But is this really discrimination, guys? Casino customers are not a privileged ethnic group, unless you want to call them Sucker-Americans. Nor is it discrimination that one political group coughs up (no pun intended) for a lobbyist and you don’t. That’s just life in the Great Satan.

“The law caters to wealthy special interests,” said Mike Berry, owner of 360 Degrees Lounge and Grill in Dearborn, which offers hookah smoking. Berry and other hookah café owners say that lobbyists and politicians in Lansing can relate to cigar smoking and that the Detroit casinos wield great power. In contrast, the hookah café owners and Arab Americans lacked a lobbyist to press the issue, Berry said.
But not because of prejudice. And you can be sure it’s not because café owners couldn’t afford lobbyists:

Ali Badawi said he invested $650,000 -- about $90,000 for the limestone exterior alone -- to build up from scratch a new hookah café and restaurant in the heart of east Dearborn. It opened just a few months ago, a flag that reads “Grand Opening” still fluttering outside its entrance along Schaefer Road.
What stopped Badawi from investing some of that 650 grand, with some contributions from his shisha-smoking business roundtable, and greasing a few legislators of their own? But nooooo. “’It's discrimination,’ said Akram Allos, owner of Sinbad Café in Dearborn.”

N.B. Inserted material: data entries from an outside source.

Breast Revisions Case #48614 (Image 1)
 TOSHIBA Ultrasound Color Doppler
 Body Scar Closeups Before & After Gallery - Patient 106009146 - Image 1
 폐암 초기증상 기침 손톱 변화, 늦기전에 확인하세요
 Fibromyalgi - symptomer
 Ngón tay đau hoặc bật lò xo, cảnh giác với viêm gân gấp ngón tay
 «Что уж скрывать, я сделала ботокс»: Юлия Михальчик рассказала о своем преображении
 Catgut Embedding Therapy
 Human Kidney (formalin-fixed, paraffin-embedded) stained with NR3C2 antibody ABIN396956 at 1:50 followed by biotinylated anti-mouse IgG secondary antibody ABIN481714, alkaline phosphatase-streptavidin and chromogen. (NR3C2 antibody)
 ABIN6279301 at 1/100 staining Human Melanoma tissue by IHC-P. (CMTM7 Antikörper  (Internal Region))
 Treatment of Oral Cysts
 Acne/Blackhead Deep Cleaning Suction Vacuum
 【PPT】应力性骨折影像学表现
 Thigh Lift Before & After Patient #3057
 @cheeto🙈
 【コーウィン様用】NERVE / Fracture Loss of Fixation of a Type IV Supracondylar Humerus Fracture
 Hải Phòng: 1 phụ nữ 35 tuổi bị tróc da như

Shoot, it is not. You just needed to keep trying Badawi’s cell phone.

Now Badawi says the new antismoking law will put him out of business, “forcing him to fire employees and disappoint loyal customers.

“’All this,’ he said while gazing across Prestige Café & Grill, ‘’“will go down the drain.’”

Hmm. Badawi spends $650,000 to build a hookah lounge even while the smoking-law train has been rolling into town for three years? Something tells me Badawi is no stranger to watching investments go “all down the drain.”

Anyway, as Narikoo writes in his article:
Not all Arab Americans are upset with the law change.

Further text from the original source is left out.